** BRIEF **
Transcribe exactly the lines from the one containing "Young Hispanic Woman" through the end of the data, both included. Leave out pictures.

(AVAILABLE DATA begins)

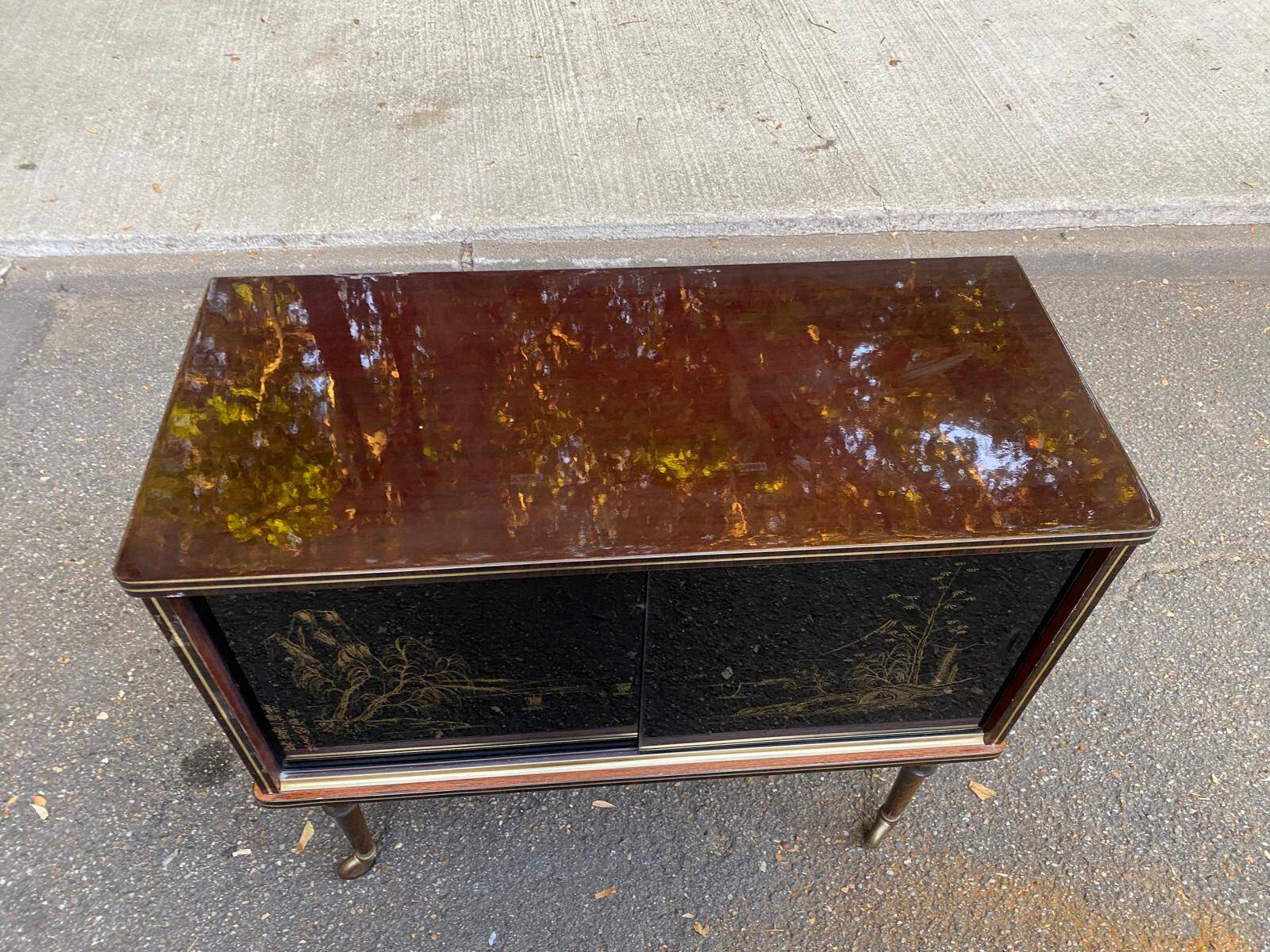 Illuminated bar cabinet Hollywood Regency black and gold 1970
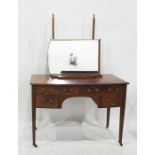 Late 19th century mahogany dressing table, mirror above four assorted drawers on a slight bow on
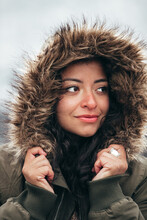 Young Hispanic Woman In Green Fur Parka Jacket In Cold Winter With Blurry Mountain Background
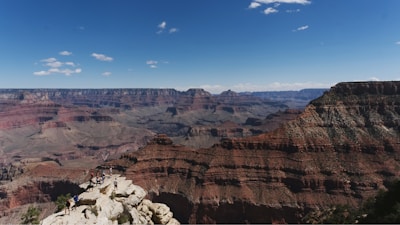 A group of happy French-speaking tourists admiring the vast expanse of the Grand Canyon at sunset.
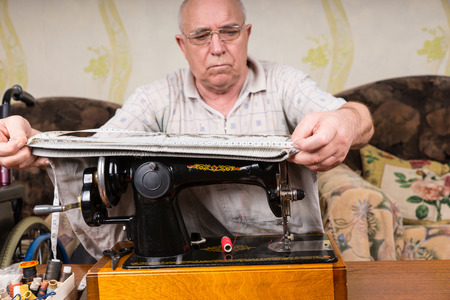 Senior Man at Old Fashioned Sewing Machine Measuring Pant Legs at Home in Living Roomの写真素材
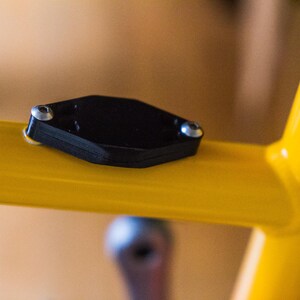 Bicycle AirTag Mount on the water bottle bosses of a yellow bike.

(AVAILABLE DATA ends)

** WRITTEN ANSWER **
 Young Hispanic Woman In Green Fur Parka Jacket In Cold Winter With Blurry Mountain Background
 A group of happy French-speaking tourists admiring the vast expanse of the Grand Canyon at sunset.
 Senior Man at Old Fashioned Sewing Machine Measuring Pant Legs at Home in Living Roomの写真素材
 Bicycle AirTag Mount on the water bottle bosses of a yellow bike.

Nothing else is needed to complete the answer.